My first experience with speed, was in early June '04. One of my best friends got her hands on some high quality crystals, and I snorted my first line on the floor of a public bathroom in a park near where I live. I instantly loved the burn of the tiny crystals hitting the inside of my nose. I loved the feeling of the drip sliding down my throat. I loved the intense way it made me feel like god. From then on, every extra cent I got, went toward my growing habit.

Soon, snorting wasn't giving me enough of a rush, so I proceeded to start slamming it, injecting wherever I had veins. I had been injecting random drugs since I was 13, so I wasn't new to the cold prick of the needle. My veins proceeded to become bruised blue and purple, a little rosebud forming after each injection until they were scarred beyond repair. I can still see the scars today.

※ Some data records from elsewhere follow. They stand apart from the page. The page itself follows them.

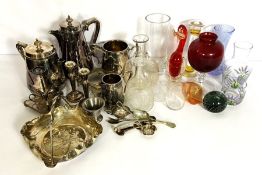 A quantity of assorted silver plate and assorted glassware, including a pair of candlesticks, a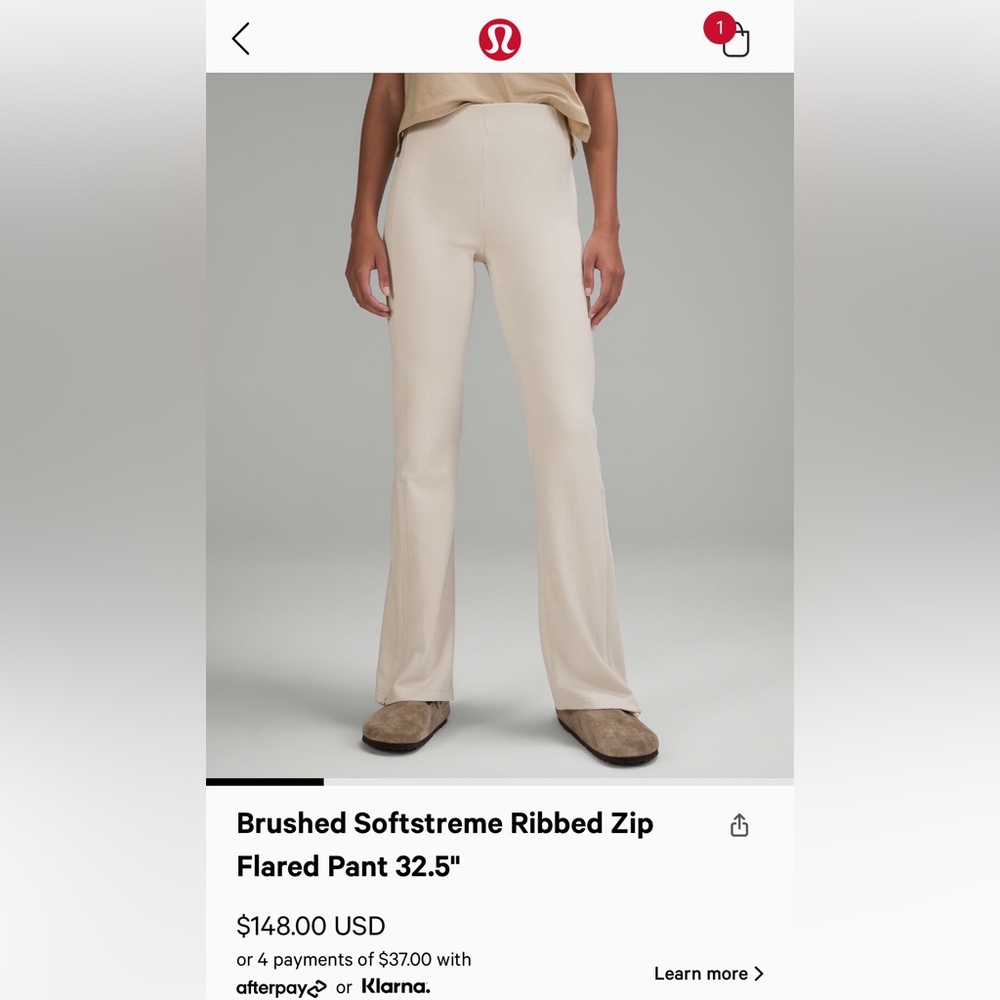Size 8 lululemon softstream pants only worn once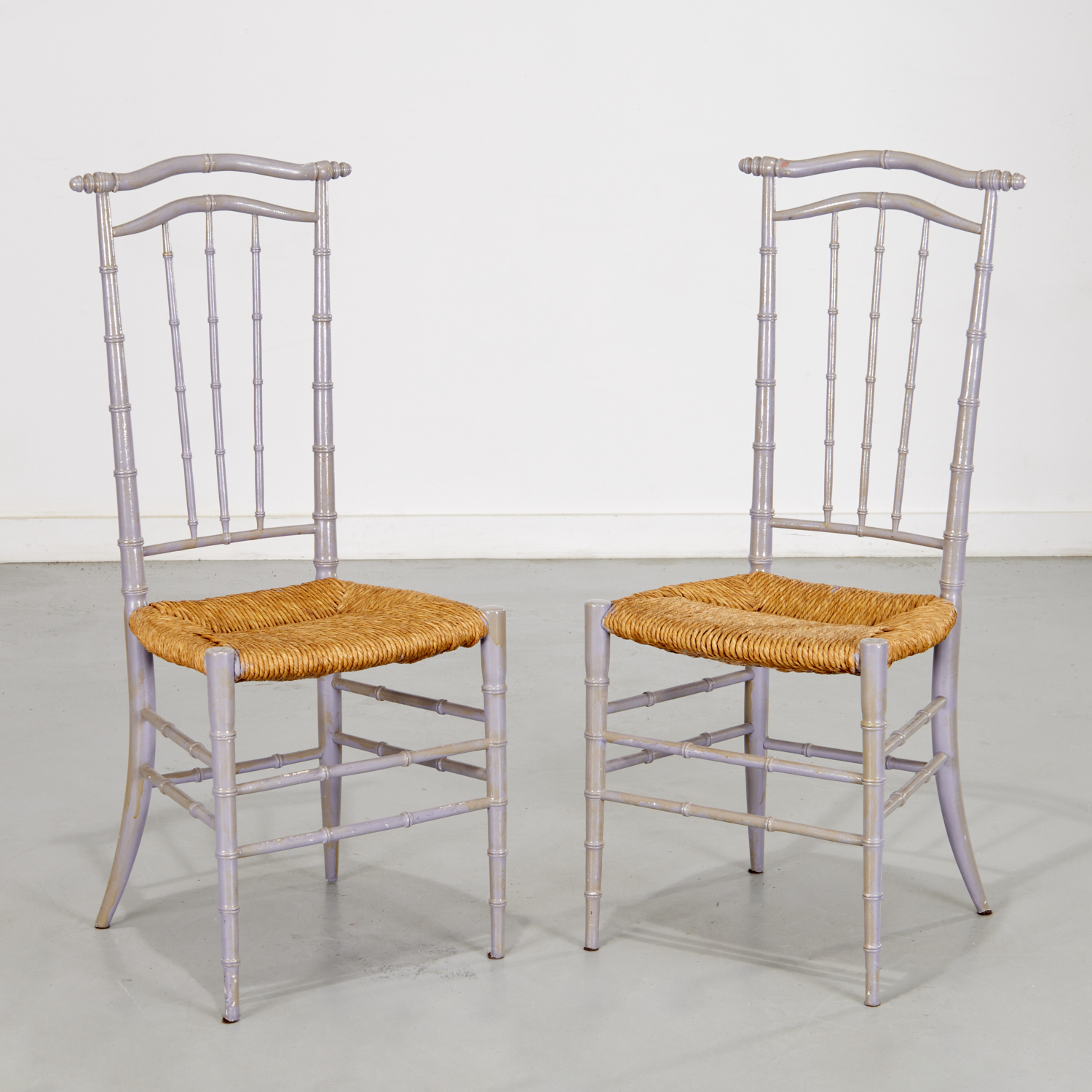 PAIR BAMBOO TURNED CHIAVARI STYLE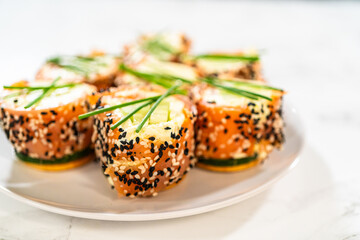 Smoked Salmon Jumbo Cream Cheese Rolls From Assembly to Plating
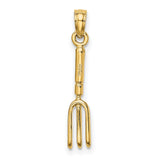 10k Yellow Gold Garden Fork Pendant, Rustic Pitchfork Farming Tool Charm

I finally hit rock bottom after buying an $80 bag and splitting it with my friend. I looked like a skeleton. 97 pounds of skin and bone. I remember the last time taking it. In the bathroom stall of some run-down hall where they held shows. At this point, doing tweak was a chore. It wasn't fun anymore. The only way I could be normal is if I had it running through my veins. I had injected it previously at my house, and I didn't have a spoon or rig with me, so I had to snort it. I did about $35 worth in one sitting, and after I pulled my head up, I wheeled backwards and slammed into the wall.

I didn't love the burn, I didn't love the drip, I didn't love the rush. It was like an old boyfriend whose turned his back on you. Both me and my friend made a pact with each other in that old bathroom: that we would never do it again. We knew that all we had to look forward to was a horrible come-down, that we'd pushed upon ourselves. I spent the next three days mentally exhausted, ready to die. I became sick because all of my immunities had been destroyed. I was sick for 2 weeks. Bed ridden, thrashing with fever, hallucinating for hours upon hours. Eventually I got better, and I didn't experience any cravings for about a month, which is amazing to me. Everything I had loved before about speed, I mentally gagged at.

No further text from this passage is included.